Problem source

A shell of mass $m$ is fired at elevation $\pi/3$ and speed $v$. Superman, of mass $2m$, catches the shell at the top of its flight, by gliding up behind it in the same horizontal direction with speed $3v$. As soon as Superman catches the shell, he instantaneously clasps it in his cloak, and immediately pushes it vertically downwards, without further changing its horizontal component of velocity, but giving it a downward vertical component of velocity of magnitude $3v/2$. 
Calculate the total time of flight of the shell in terms of $v$ and $g$. Calculate also, to the nearest degree, the angle Superman's flight trajectory initially makes with the horizontal after releasing the shell, as he soars upwards like a bird. 
{[}Superman and the shell may be regarded as particles.{]}

Solution source

The particle has initial velocity $\displaystyle \binom{v \cos \frac{\pi}{3}}{v \sin \frac{\pi}{3}}$ and acceleration $\displaystyle \binom{0}{-g}$. It will have zero vertical speed (ie be at the top of its trajectory) when $t = \frac{\sqrt{3}v}{2g}$.

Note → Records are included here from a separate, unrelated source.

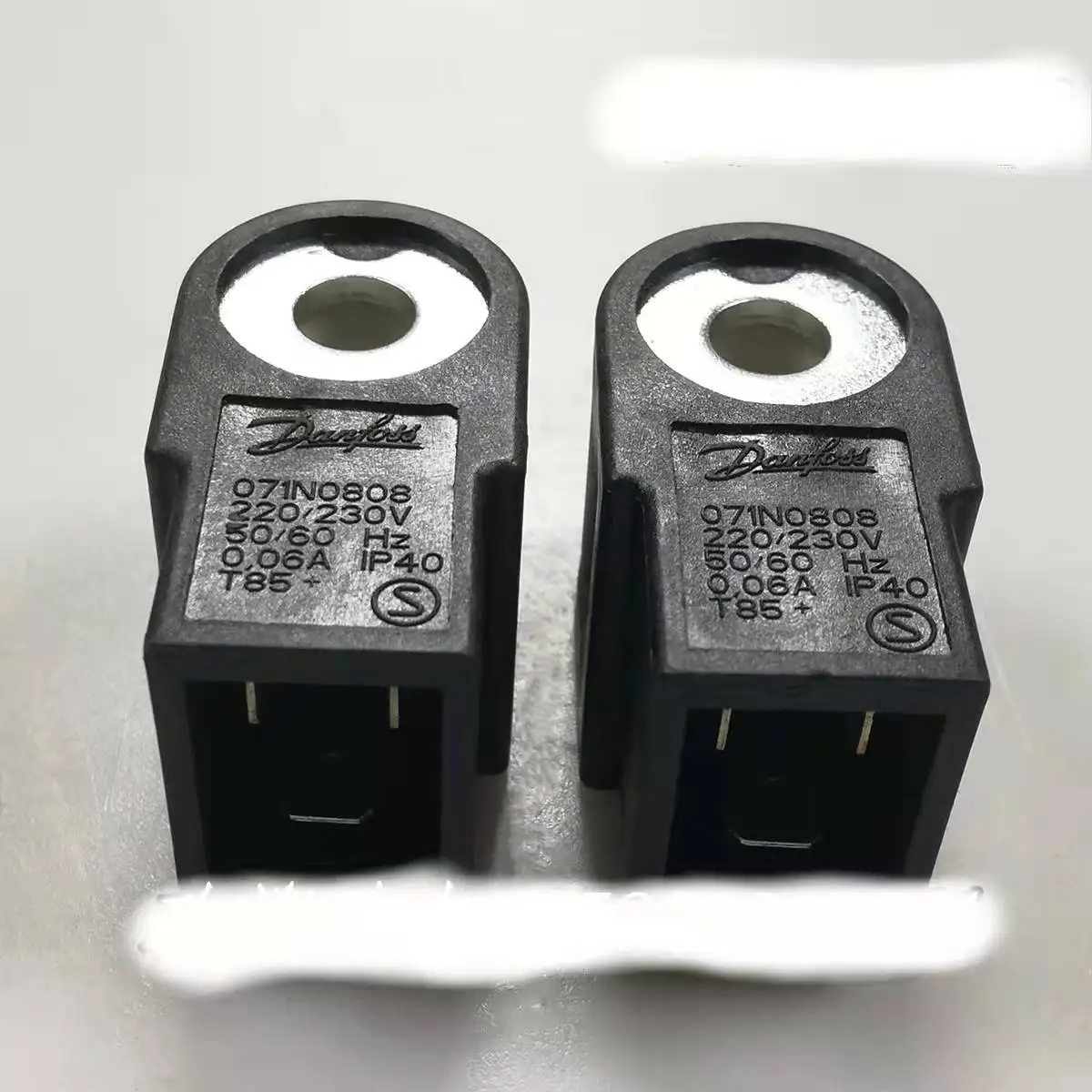 Катушка соленоидного клапана Danfoss 071N005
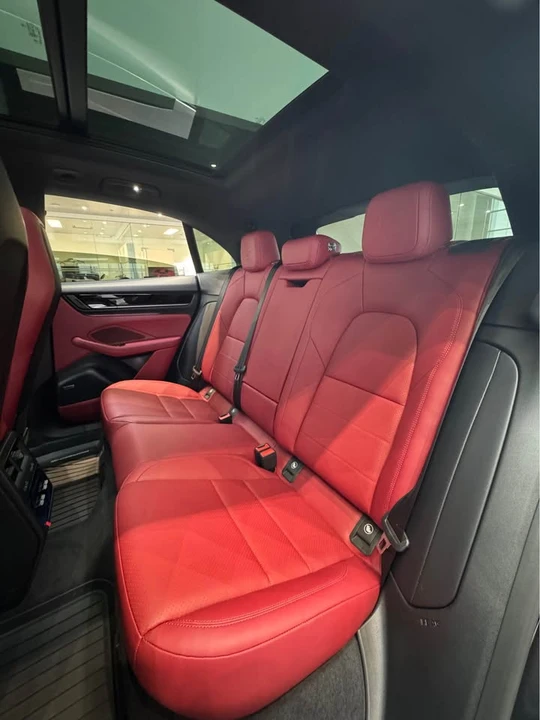 2025 Porsche Macan Electric - Image 14 of 20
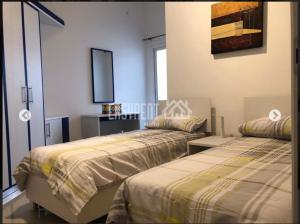 Serenity Large 4 bedroom 2 bathroom- in Swieqi over a valley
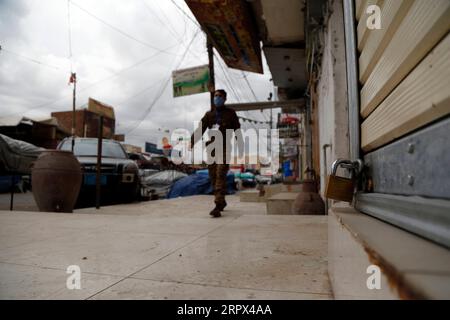 200506 -- SANAA, 6. Mai 2020 Xinhua -- Ein Soldat geht durch geschlossene Geschäfte in Sanaa, Jemen, 6. Mai 2020. Die jemenitischen regierungsnahen Gesundheitsbehörden bestätigten am Mittwoch vier neue COVID-19-Fälle, wodurch die Gesamtzahl der registrierten Fälle in dem vom Krieg verwüsteten arabischen Land auf 25 gestiegen ist. Foto von Mohammed Mohammed/Xinhua YEMEN-SANAA-COVID-19-LOCKDOWN PUBLICATIONxNOTxINxCHN Stockfoto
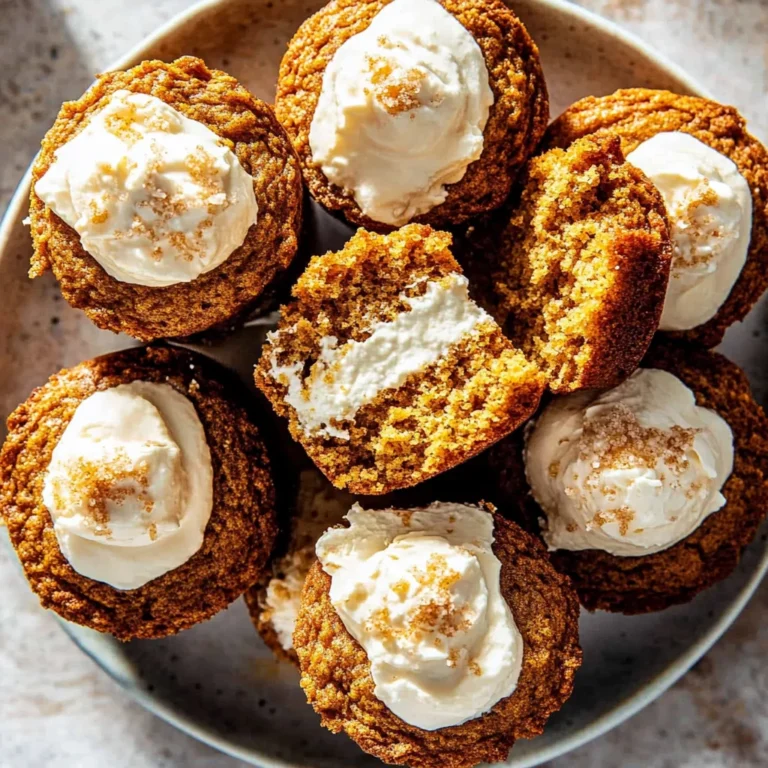 Pumpkin Muffins with Maple Cream Cheese Filling: Irresist…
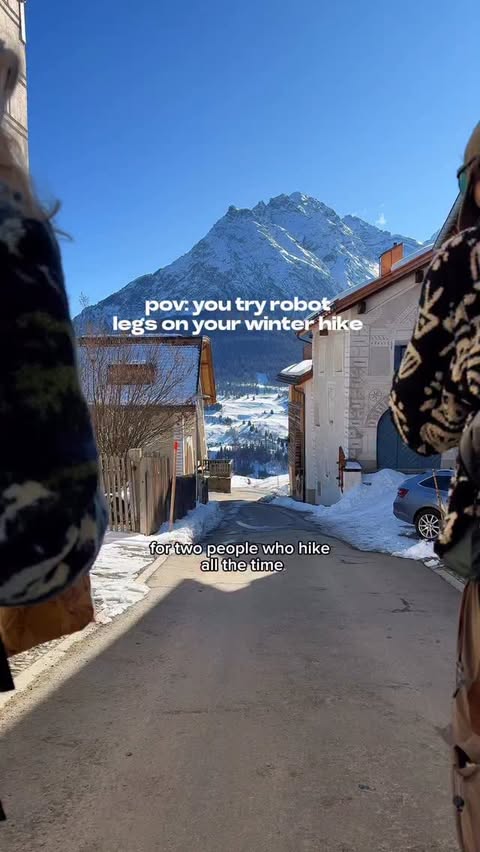 Instagram post by @noodlesandblisters for Hypershell. Caption reads: [...] meaningful support. How would you use....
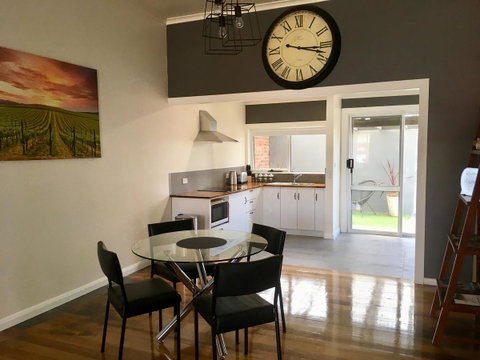 Apartment 5ive - Accommodation Gladstone 5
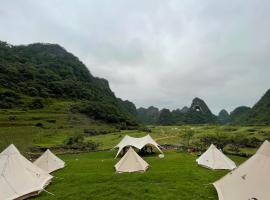 Cao Bang Eco Camping, luxury tent in Cao Bằng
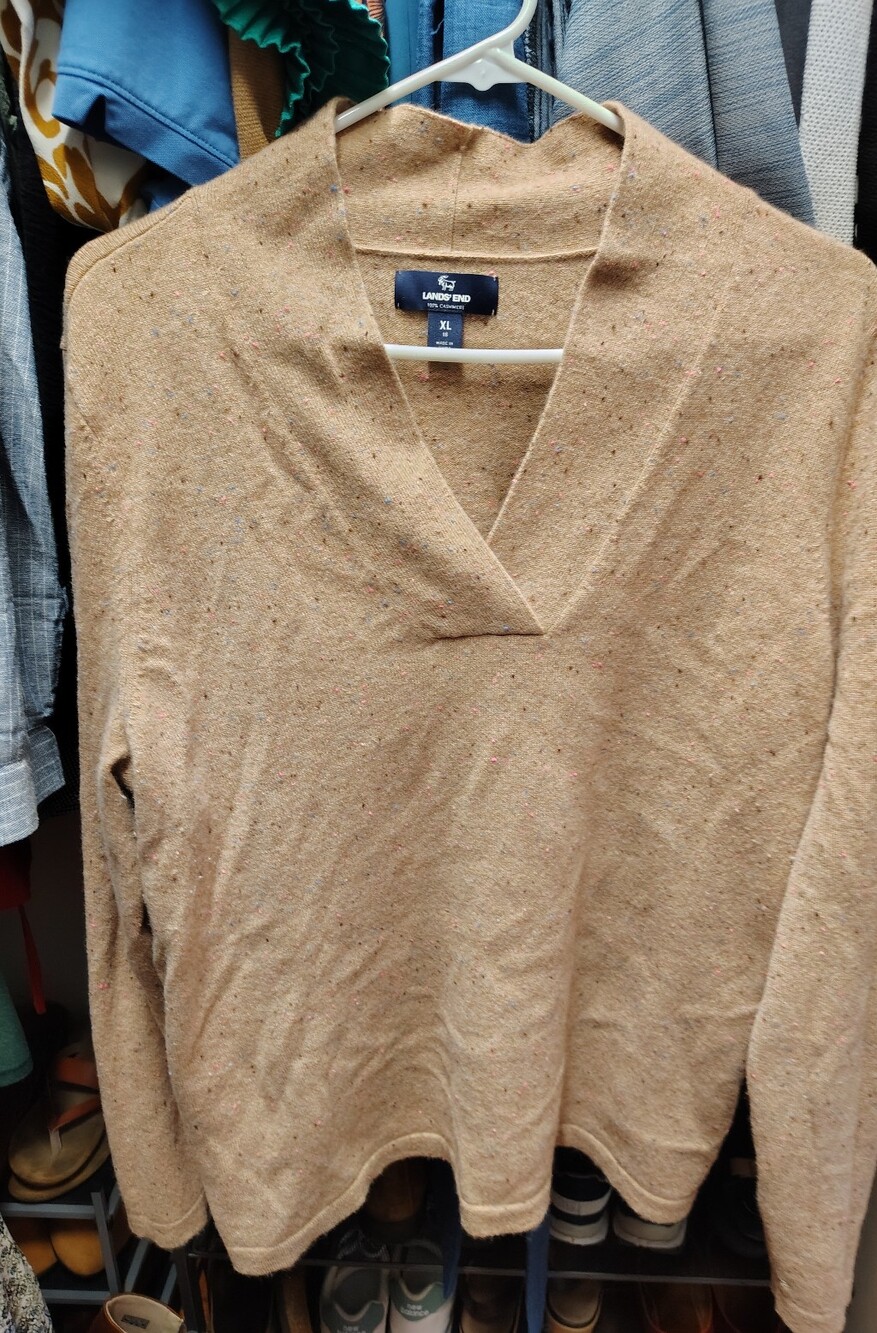 Lands' End XL Beige Cashmere Speckled V-Neck Sweater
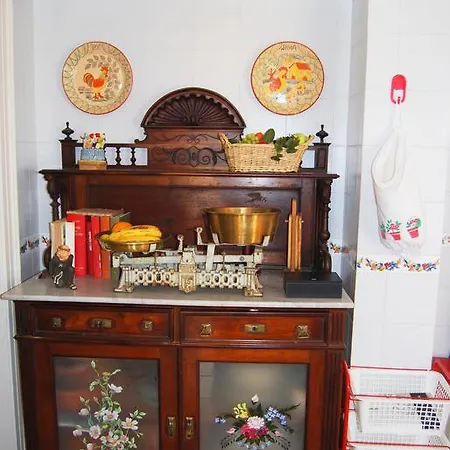 Вилла Casa Do Chafariz , House With Swimming Pool Лориш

Since $0 = v^2-u^2 + 2as$ the height achieved will be $\frac{3v^2}{8g}$

At this point it will need to travel the same distance again, but this time the initial speed is $\frac{3v}{2}$ so:

\begin{align*}
&& \frac{3v^2}{8g} &= \frac{3v}{2} t + \frac12 g t^2 \\
\Rightarrow && 0 &= 4g^2t^2+12vgt - 3v^2 \\
\Rightarrow && t &= \l \frac{-3+2\sqrt{3}}{2} \r \frac{v}{g}
\end{align*}

Therefore the total time is:

\begin{align*}
\l \frac{\sqrt{3}}{2} - \frac32 + \sqrt{3} \r \frac{v}{g} &= \frac{3\sqrt{3}-3}{2}\frac{v}{g}
\end{align*}

\begin{align*}
COM(\uparrow): && 0 &= 2m v_y - m \frac{3}{2}v \\
\Rightarrow &&v_y &= \frac34 v \\
COM(\rightarrow): && 3mV &= 2m (3v) +m \frac{v}{2} \\
\Rightarrow && V &= \frac{13}6\\
\end{align*}

Therefore superman is now travelling at a vector of $\displaystyle \binom{\frac{13}6}{\frac34}v$ ie an angle of $\tan^{-1} \frac 9{26}$ to the horizontal, approximately $19^\circ$